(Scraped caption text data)
━━━━━━━━

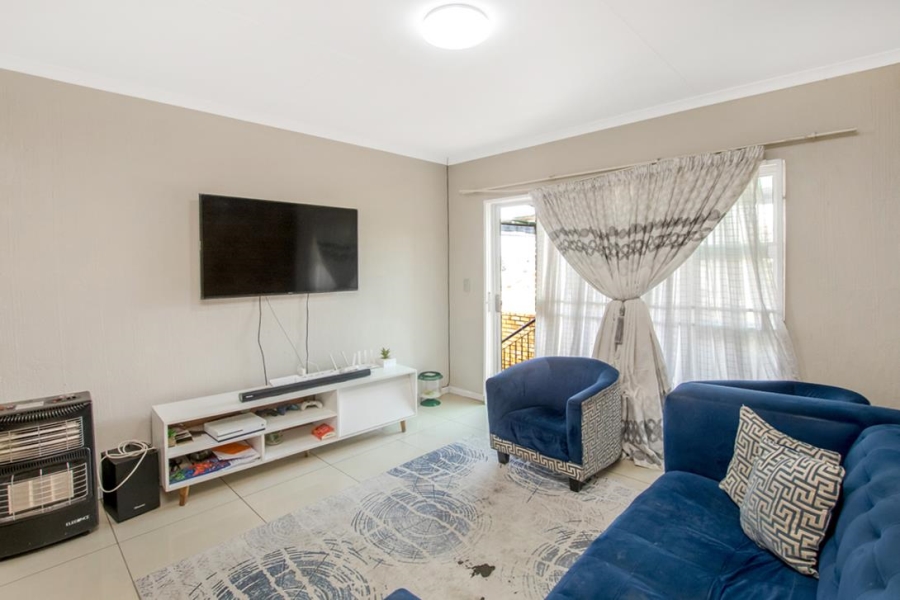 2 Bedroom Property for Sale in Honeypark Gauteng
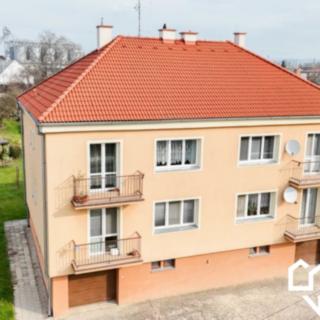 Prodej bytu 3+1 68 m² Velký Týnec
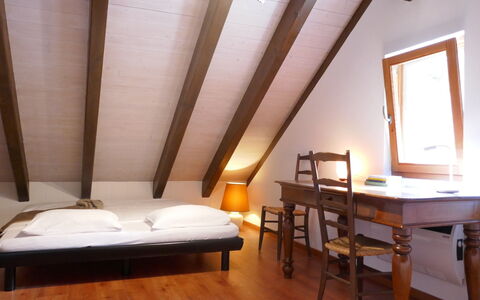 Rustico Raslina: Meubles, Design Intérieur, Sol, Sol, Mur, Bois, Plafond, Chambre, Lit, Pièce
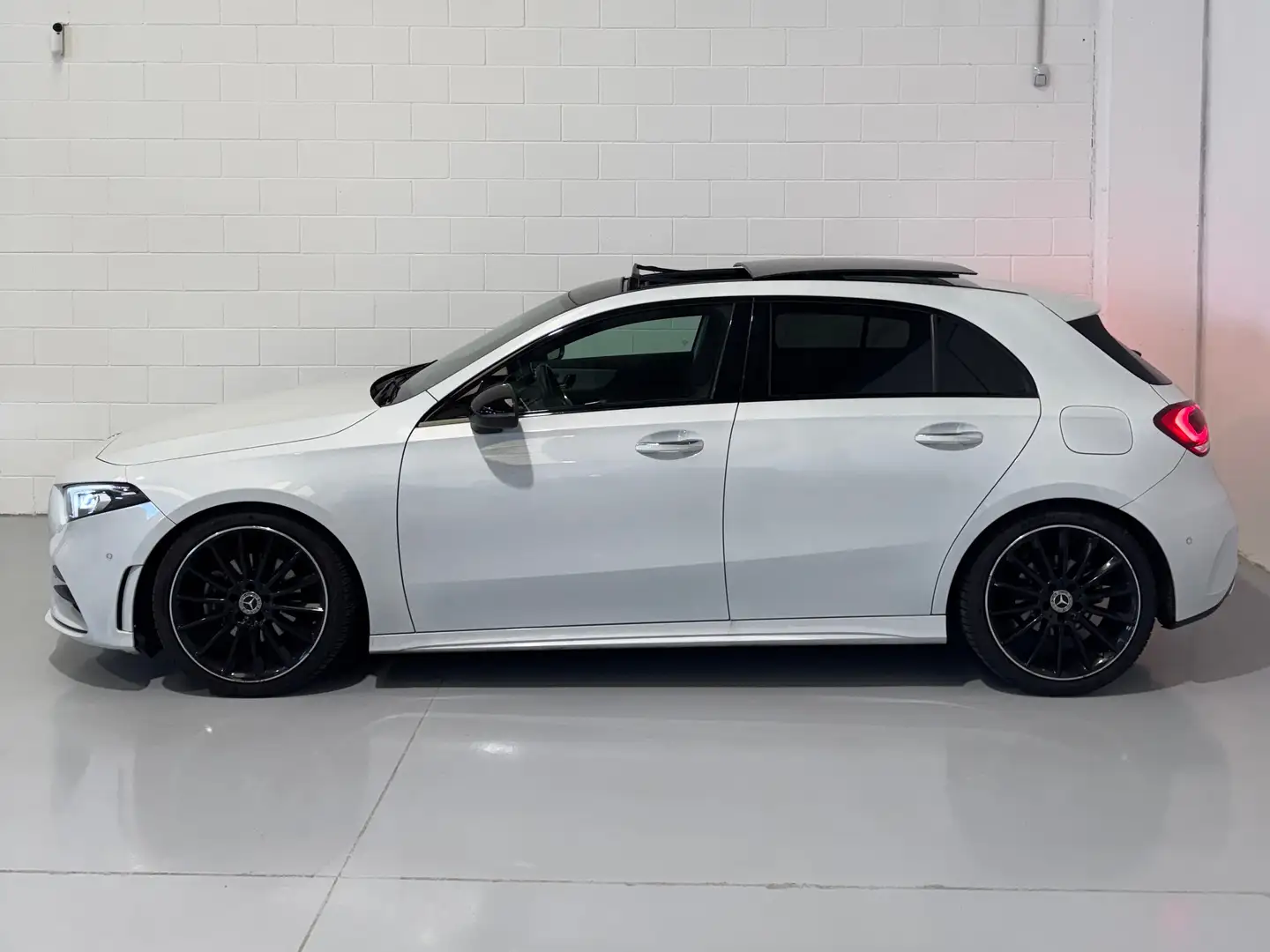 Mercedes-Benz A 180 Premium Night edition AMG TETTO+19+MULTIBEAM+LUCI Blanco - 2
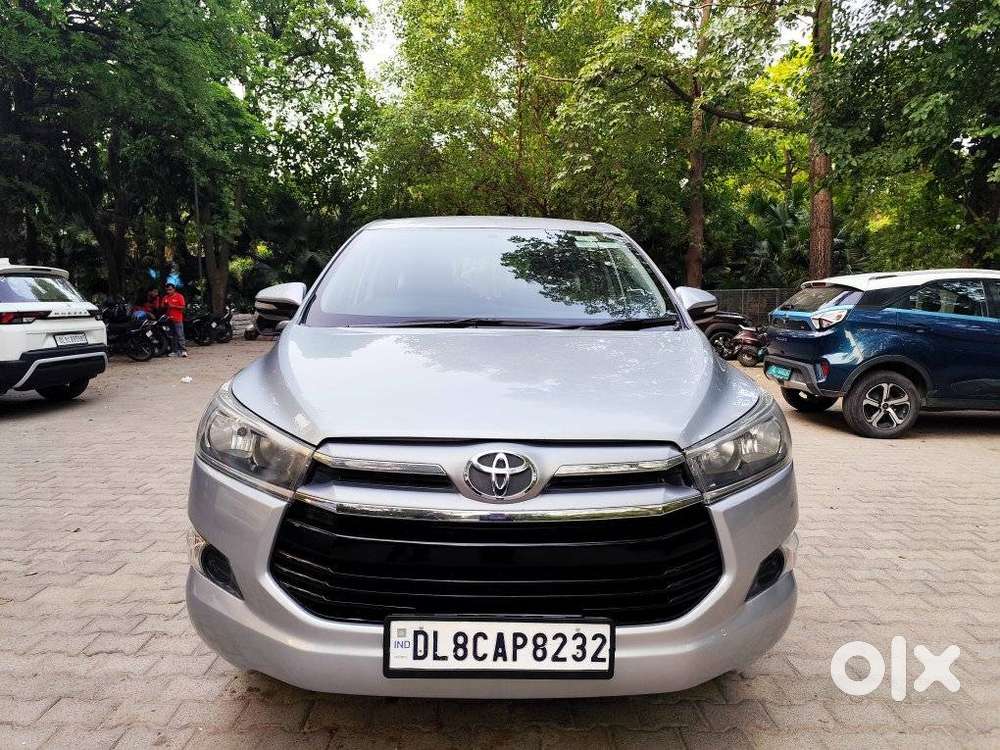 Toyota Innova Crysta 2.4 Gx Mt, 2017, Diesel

━━━━━━━━

▶ **What this task involves**
The records above need to be given again exactly. Omit the pictures.

▶ **Answer space**
 2 Bedroom Property for Sale in Honeypark Gauteng
 Prodej bytu 3+1 68 m² Velký Týnec
 Rustico Raslina: Meubles, Design Intérieur, Sol, Sol, Mur, Bois, Plafond, Chambre, Lit, Pièce
 Mercedes-Benz A 180 Premium Night edition AMG TETTO+19+MULTIBEAM+LUCI Blanco - 2
 Toyota Innova Crysta 2.4 Gx Mt, 2017, Diesel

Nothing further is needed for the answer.